[Scraped caption text data]
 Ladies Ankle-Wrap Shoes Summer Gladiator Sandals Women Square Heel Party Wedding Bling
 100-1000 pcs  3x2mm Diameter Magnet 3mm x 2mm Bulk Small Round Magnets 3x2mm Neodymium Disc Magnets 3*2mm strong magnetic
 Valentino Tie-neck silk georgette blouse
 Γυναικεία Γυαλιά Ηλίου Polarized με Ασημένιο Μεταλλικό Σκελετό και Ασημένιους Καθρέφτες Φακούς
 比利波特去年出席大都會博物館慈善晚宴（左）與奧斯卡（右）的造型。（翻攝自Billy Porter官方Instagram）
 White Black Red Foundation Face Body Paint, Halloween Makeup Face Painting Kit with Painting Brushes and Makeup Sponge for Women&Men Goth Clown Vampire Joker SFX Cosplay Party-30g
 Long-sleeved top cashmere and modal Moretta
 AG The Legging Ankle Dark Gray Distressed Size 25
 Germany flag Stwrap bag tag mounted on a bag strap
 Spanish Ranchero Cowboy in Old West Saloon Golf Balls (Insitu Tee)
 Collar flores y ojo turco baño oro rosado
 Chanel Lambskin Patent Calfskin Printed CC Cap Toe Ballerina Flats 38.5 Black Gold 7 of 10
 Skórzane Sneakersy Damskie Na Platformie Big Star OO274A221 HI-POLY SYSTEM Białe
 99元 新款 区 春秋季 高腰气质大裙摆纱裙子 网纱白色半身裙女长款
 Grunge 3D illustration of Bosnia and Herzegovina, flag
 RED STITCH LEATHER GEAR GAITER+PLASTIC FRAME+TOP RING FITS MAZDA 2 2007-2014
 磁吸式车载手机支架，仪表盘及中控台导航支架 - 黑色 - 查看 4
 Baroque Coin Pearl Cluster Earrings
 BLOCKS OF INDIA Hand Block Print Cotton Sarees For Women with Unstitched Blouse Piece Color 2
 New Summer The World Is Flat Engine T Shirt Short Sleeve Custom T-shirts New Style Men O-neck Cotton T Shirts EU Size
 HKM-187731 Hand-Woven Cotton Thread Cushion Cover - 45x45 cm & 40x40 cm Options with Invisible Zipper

*To do*: Look through the records and copy every line that has the word "flag".

*Response area*:
 Germany flag Stwrap bag tag mounted on a bag strap
 Grunge 3D illustration of Bosnia and Herzegovina, flag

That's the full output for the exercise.